Although much has been written about the Nazi death camps, Fires in the Dark specifically addresses the decimation of the gypsy population of Eastern Europe. The story follows a number of families, one in particular, as the novel chronicles the gradual movement of fascism across the country, beginning with mandatory registration and specific “rules” that govern the gypsies’ mobility.
Moving from one gypsy camp to another, the men work at odd jobs for any farmers who are still willing to hire them, able to maintain the illusion, at least for a while, that they won’t be caught in the vast web that draws them inexorably toward their doom. But when the Germans commandeer their wagons and animals, the gypsy families are restricted to proscribed areas, later transported to special labor camps and told they will be safe as long as they work hard.
Unfortunately, no distinctions are made in the death camps, and the gypsies are thrown into the nightmare they hoped to escape. The primary family in the novel, of distant relation to the author, is subjected to the rigors, starvation and humiliation of the camps, many dying in a massive typhus epidemic. Only one family member escapes: the boy born in 1927 at the beginning of the story. This young man makes his way into Warsaw, where he joins a group who move black-market goods, passing as a gadje, or white man, with his fair complexion.
Describing these terrible years of human annihilation, author Louise Doughty devotes many pages to the suffering of individual family members, their travails echoing throughout the labor camp. The details are explicit and depressing as such a light-heated and joyful people are destroyed by ignorance and evil.
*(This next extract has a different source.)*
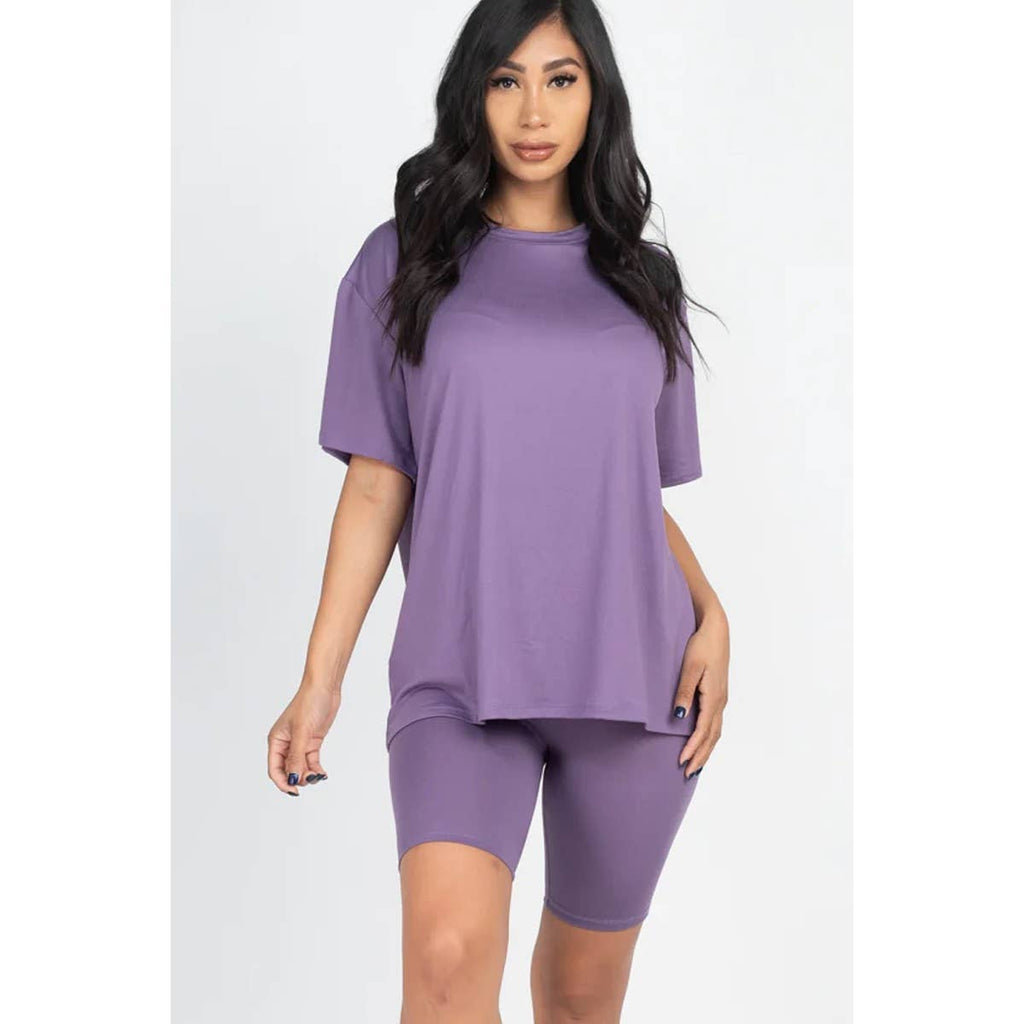 TWO PIECE TOP BIKER SHORTS SET: COFFEE / S-M-L(2-2-2)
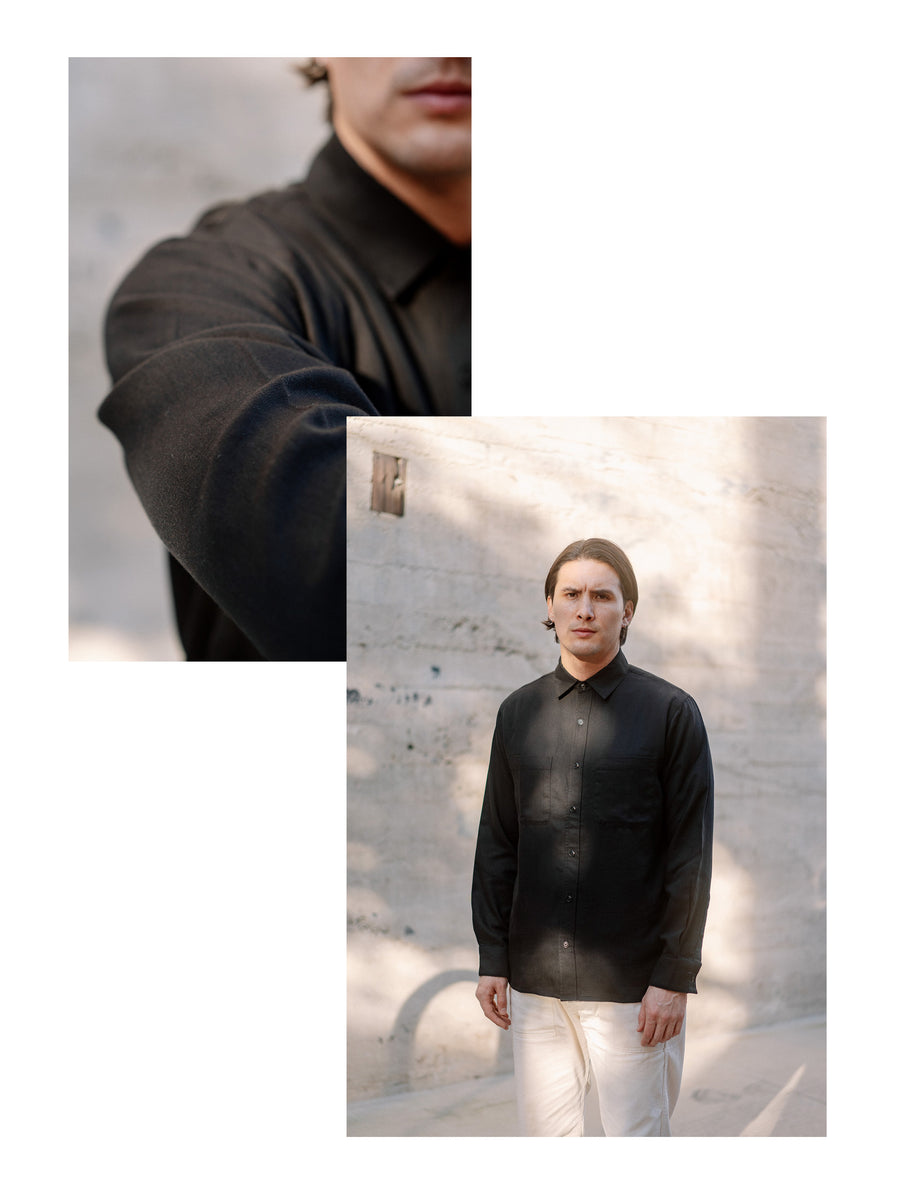 A diptych of a man in a black button down shirt.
The writing shines during the closing days of the war, when the young man spends his days avoiding notice and an ignoble end just when relief is finally in sight. Groups of German soldiers cluster together, skirmishing with the Resistance while people run through the streets in anticipation of the arrival of the Allies or the Russians. I wish the whole novel could have had the energy of the last chapters, but the pages were frequently tedious until I reached the excitement of the ending. In any case, this is an important story, one that should be told. For all the human tragedy of those years, Fires in the Dark adds an important chapter to a history that cannot be forgotten.